The many and varied business enterprises with which Eugene B. Lawson is connected establishes his position as a prominent figure in connection with the commercial and financial development of the state. A native of Kentucky, he was born in Shelbyville, May 27, 1871, and was a young man of twenty-five years when in 1896 he came to the Indian Territory, settling at Nowata. In the fall of the year 1896 he was admitted to the Oklahoma bar and entered upon the active work of his profession, but for the past twelve years has given no time to law practice. He is now concentrating his entire time and attention upon his oil interests, in the oil fields of both Texas and Oklahoma. He is one of the directors and was one of the founders of the First National Bank of Nowata. His business affairs, now extensive and important, have always constituted an element in the growth and progress of the state, as well as in the up-building of his own fortunes.
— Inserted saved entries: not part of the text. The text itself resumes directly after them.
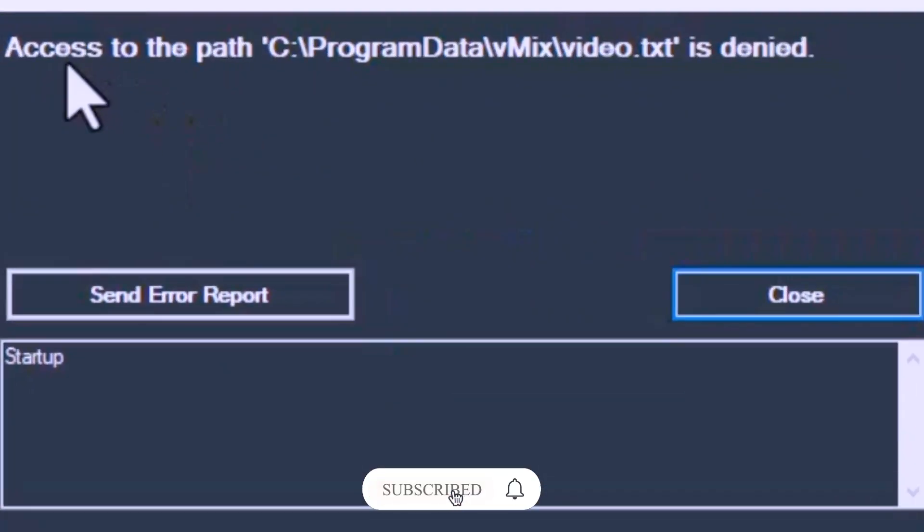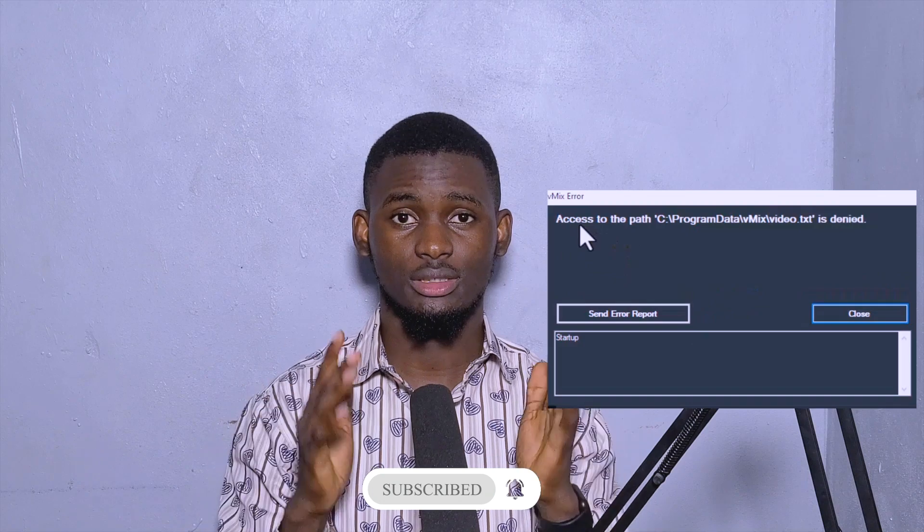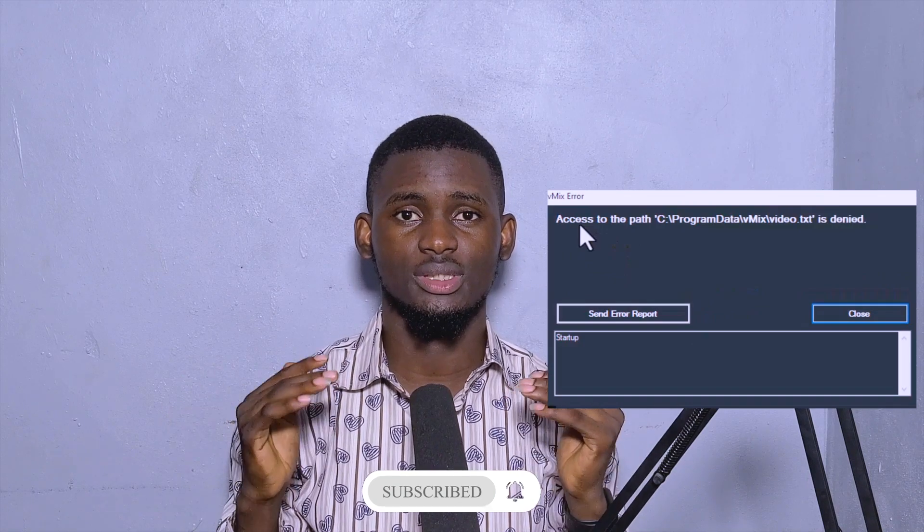Hello, good morning, good afternoon, good evening — welcome back to my channel. In this video I'm going to show you how to fix a particular error in vMix. When you open vMix, it shows an error: access to the path 'ProgramData/video.txt' is denied. I want to show you how to fix that error.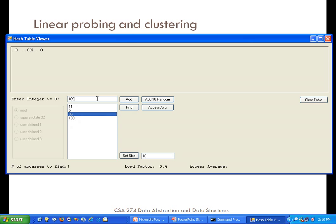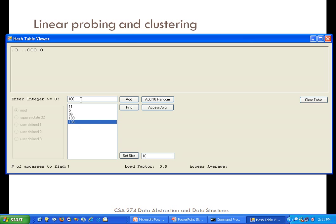Let's demonstrate a collision. If I add the number 106, then 106 mod 10 maps to location 6. But location 6 is already occupied by 96, so it gets pushed to location 7 — the next open spot. When I search for 106, it first goes to location 6, finds that's not the right number, then goes to the next location and finds it there. So the number of accesses required is 2.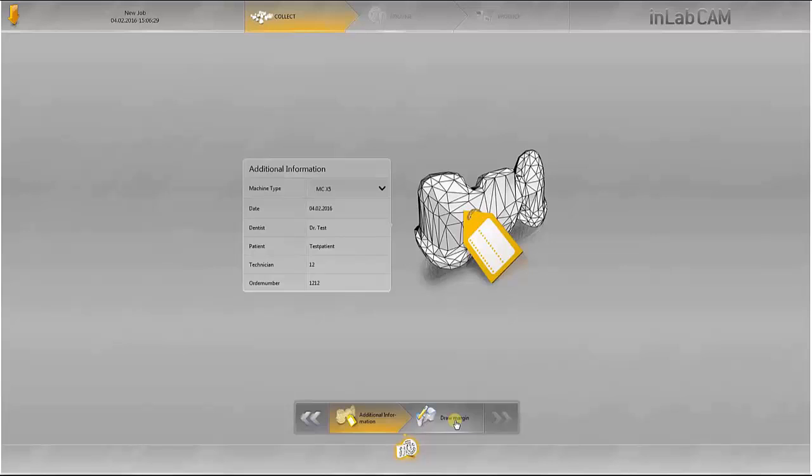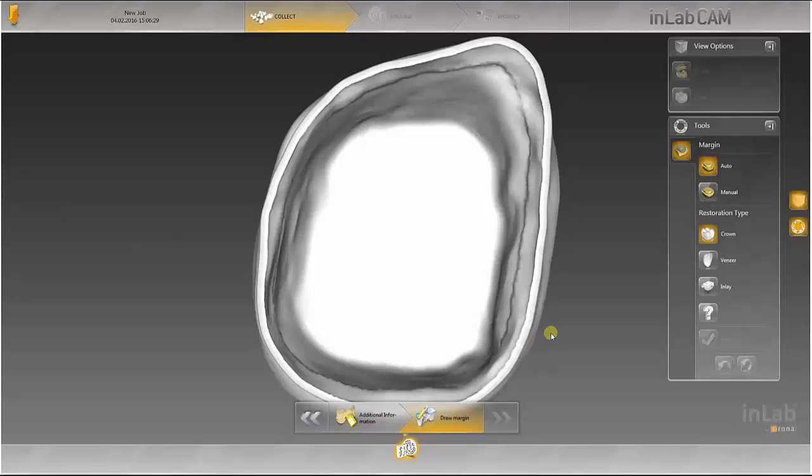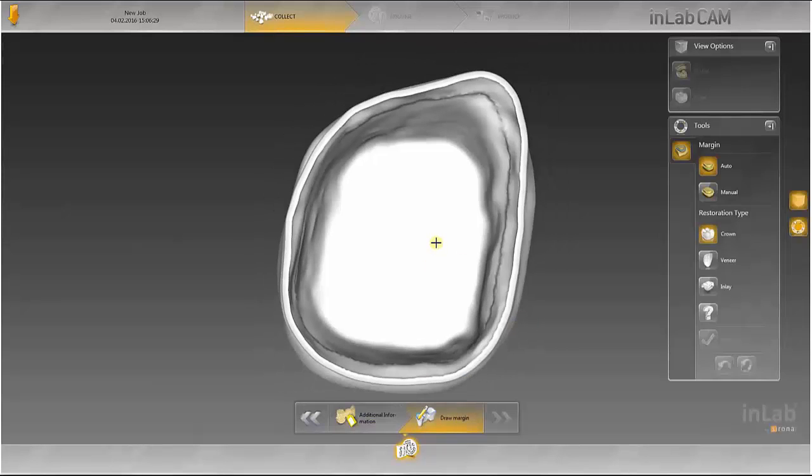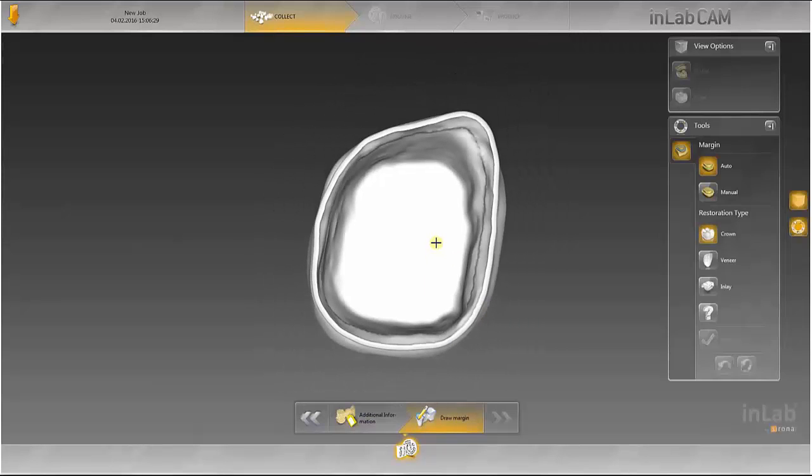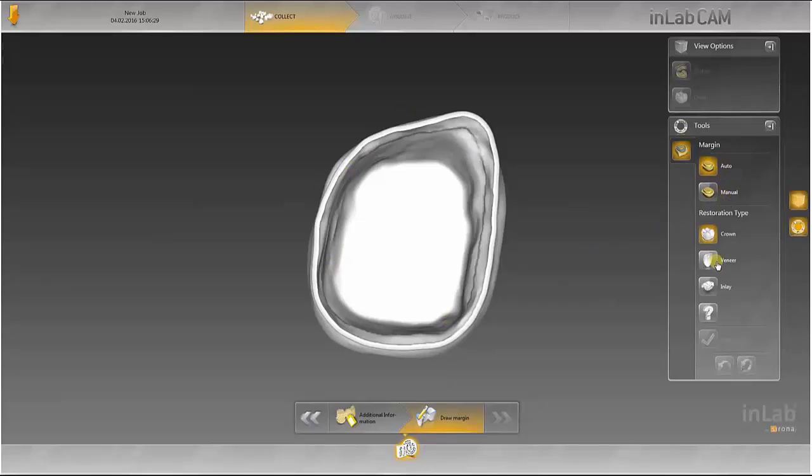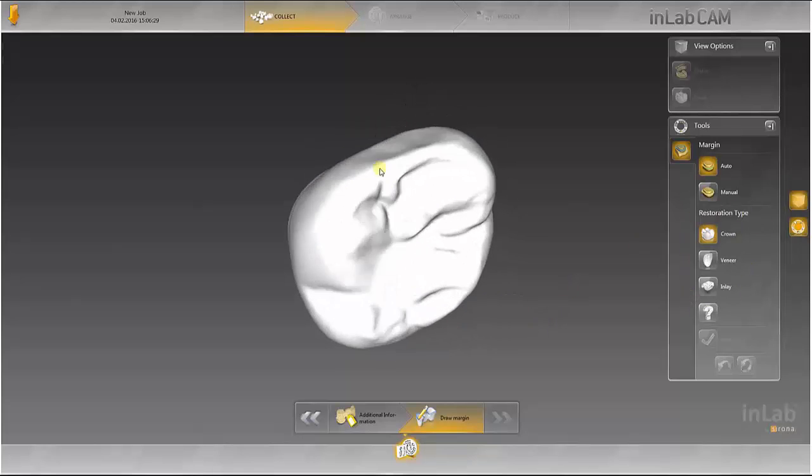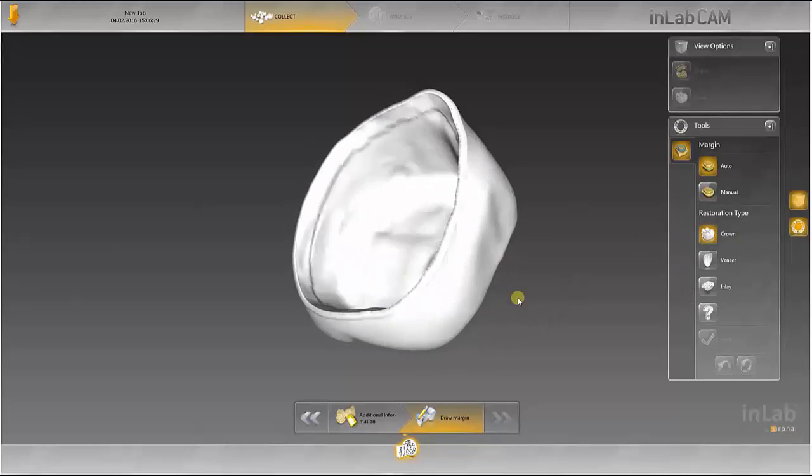The margin line is marked in the next step. An automatic and manual mode are available for this. You should first state the restoration type, in this case a crown.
In 1891 Mr. Lawson married Miss Roberta Campbell, a daughter of J. E. Campbell, president of the First National Bank of Nowata. Mr. and Mrs. Lawson have one child, Edward Campbell Lawson, born October 7, 1905, who is now attending school at the Kemper Military School, Boonville, Missouri. Mr. and Mrs. Lawson have taken the keenest interest in the history of the various Indian tribes and have a most valuable and interesting collection of Indian relics, representing nearly every tribe in the United States.
Mrs. Lawson was president of the Oklahoma Federation of Women’s Clubs from 1919 to 1921 and is still very busily engaged in federation work.